Advanced LLM Agents MOOC

Admin
Apr 29
5 min read

Updated: May 3

The "Advanced LLM Agents MOOC (Massively Open Online Course)" offered by the Berkeley Center for Responsible Distributed Intelligence (Berkeley RDI) built on the foundations of their Fall 2024 course on Large Language Models as agents. This advanced course focused on challenges in complex real-world environments like the web and operating systems, explored applications in diverse areas such as web automation, cybersecurity, and theorem proving, and addressed critical aspects of safety and security. The topics are shown by week below. Similar to the first course it was free of charge to MOOC attendees, and included a tiered certification plan, complete with labs and a project.

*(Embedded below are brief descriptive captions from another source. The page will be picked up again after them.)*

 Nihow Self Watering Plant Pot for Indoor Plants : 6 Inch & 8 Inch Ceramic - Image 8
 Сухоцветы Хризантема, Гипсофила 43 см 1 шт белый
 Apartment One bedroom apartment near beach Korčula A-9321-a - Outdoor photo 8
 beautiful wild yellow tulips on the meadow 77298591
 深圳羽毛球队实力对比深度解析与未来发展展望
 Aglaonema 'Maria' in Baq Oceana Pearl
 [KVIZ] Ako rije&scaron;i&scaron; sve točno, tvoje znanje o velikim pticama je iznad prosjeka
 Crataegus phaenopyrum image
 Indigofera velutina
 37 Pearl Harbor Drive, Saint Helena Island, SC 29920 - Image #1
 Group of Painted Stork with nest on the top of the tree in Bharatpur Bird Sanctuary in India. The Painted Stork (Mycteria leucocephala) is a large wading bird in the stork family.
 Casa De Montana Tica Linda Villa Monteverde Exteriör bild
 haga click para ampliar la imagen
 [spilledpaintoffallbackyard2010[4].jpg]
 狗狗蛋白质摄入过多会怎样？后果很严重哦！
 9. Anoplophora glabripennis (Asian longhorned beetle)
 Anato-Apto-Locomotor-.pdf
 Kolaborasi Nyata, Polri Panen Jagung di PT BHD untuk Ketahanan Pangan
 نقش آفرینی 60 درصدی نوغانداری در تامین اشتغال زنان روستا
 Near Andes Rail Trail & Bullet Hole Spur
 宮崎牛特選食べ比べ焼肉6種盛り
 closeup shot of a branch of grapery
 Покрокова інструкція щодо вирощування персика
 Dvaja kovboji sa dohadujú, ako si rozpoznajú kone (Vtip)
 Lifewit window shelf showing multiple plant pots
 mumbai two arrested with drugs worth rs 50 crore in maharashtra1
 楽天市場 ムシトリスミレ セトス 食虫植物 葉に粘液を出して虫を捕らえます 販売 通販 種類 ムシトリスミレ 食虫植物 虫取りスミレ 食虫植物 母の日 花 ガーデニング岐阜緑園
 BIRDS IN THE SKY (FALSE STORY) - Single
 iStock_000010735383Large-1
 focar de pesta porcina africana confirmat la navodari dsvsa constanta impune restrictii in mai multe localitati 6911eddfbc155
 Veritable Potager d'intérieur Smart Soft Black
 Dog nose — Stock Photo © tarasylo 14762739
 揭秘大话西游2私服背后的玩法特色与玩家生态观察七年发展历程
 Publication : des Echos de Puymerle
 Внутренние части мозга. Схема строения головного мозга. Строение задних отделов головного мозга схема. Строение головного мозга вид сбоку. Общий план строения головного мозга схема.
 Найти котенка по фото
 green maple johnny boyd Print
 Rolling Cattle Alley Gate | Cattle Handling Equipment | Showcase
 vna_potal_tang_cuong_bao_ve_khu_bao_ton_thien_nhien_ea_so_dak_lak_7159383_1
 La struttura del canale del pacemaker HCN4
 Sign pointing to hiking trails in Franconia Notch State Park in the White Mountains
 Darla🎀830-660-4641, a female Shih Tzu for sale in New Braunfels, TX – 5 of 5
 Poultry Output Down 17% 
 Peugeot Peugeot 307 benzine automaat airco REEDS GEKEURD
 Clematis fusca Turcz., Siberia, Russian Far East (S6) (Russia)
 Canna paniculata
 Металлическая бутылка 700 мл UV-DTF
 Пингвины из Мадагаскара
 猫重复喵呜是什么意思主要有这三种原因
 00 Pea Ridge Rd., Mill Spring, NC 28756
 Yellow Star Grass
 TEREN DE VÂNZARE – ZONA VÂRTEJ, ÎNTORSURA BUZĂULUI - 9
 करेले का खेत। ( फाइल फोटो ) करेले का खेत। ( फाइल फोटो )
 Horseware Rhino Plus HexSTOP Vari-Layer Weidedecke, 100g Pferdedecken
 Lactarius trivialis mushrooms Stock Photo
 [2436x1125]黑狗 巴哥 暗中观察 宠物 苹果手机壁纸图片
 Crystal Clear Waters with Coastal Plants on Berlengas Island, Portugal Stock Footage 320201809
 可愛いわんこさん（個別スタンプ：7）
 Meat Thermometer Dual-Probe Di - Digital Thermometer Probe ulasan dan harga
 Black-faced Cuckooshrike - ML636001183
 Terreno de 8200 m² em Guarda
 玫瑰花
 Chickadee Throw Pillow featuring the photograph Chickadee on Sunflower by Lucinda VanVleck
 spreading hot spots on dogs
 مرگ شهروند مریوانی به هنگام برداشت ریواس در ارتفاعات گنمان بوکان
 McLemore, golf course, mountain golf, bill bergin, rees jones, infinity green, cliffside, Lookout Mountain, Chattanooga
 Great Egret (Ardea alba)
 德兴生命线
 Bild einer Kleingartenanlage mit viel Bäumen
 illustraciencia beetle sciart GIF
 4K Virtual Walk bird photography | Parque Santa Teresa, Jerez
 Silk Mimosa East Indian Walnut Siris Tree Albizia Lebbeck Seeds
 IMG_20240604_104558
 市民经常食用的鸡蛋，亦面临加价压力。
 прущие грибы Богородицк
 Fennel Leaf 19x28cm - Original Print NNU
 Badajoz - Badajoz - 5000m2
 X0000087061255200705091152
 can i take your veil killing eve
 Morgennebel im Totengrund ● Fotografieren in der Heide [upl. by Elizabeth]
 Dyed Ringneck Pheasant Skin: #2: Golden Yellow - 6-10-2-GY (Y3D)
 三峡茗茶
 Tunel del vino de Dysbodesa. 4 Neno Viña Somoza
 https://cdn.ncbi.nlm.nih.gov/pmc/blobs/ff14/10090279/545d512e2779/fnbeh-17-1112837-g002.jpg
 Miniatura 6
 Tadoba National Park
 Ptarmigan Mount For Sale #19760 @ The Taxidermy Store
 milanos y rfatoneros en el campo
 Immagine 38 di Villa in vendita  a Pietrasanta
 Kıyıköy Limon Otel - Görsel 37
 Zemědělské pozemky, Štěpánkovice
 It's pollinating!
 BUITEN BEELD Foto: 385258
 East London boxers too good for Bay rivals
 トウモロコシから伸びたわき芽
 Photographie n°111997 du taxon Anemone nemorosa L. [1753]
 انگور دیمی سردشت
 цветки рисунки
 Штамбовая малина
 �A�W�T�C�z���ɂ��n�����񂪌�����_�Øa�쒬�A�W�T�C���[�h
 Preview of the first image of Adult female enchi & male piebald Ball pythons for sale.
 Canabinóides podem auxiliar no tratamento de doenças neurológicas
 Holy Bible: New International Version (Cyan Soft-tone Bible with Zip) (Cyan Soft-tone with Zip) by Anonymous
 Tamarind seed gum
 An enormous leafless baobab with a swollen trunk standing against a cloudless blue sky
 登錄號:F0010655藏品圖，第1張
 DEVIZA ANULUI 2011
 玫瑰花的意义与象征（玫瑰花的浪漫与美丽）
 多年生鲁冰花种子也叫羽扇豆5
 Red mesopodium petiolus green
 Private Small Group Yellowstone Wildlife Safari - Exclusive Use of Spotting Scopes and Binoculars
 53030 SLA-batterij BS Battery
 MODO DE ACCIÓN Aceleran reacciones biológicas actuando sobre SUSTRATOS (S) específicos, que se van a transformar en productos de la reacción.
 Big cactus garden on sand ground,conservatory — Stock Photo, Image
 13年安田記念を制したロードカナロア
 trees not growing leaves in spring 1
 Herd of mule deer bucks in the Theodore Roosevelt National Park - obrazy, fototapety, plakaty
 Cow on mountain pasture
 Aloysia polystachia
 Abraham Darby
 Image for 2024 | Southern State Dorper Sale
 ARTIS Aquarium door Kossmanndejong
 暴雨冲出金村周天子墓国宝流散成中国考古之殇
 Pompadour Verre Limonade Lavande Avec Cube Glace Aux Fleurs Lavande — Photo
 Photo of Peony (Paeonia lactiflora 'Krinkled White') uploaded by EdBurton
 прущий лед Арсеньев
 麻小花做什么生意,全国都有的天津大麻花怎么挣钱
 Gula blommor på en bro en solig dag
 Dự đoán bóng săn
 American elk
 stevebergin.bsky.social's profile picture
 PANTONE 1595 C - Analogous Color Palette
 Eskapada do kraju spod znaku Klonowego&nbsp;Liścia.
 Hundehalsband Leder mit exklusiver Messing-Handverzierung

Another big shout-out and thanks to UC Berkeley Professor Dawn Song and her team for creating another great MOOC. We hope this is a trend for more to come!

You can find more details at: Advanced LLM Agents MOOC

And all of the lectures are on their YouTube channel here: Advanced LLM Agents MOOC Videos

See the very bottom below for our mind map summary of some of the Advanced LLM Agent key concepts.

Week 1

"Inference-Time Techniques for LLM Reasoning” w/ Xinyun Chen (Google DeepMind)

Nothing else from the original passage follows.